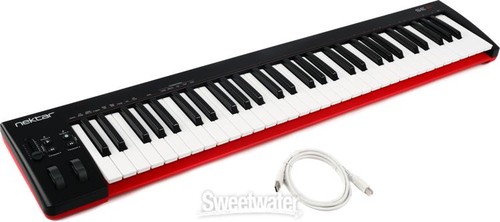 Nektar SE61 61-key Keyboard Controller - Picture 9 of 9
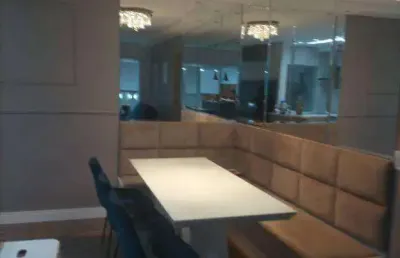 Apartamento com 2 dormitórios à venda por r$ 1.000.000,00 - vila mangalot - são paulo/sp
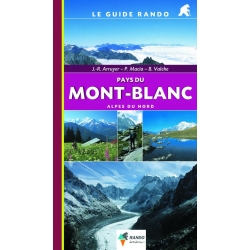 Pay du Mont- Blanc  Rando...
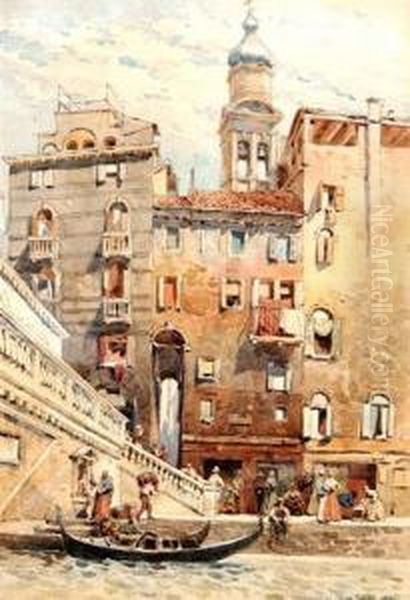 Venetian - view 1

WHAT THE EXERCISE ASKS: Print every line above exactly as given, but not the pictures.

ANSWER TO THE PROBLEM:
 Nektar SE61 61-key Keyboard Controller - Picture 9 of 9
 Apartamento com 2 dormitórios à venda por r$ 1.000.000,00 - vila mangalot - são paulo/sp
 Pay du Mont- Blanc  Rando...
 Venetian - view 1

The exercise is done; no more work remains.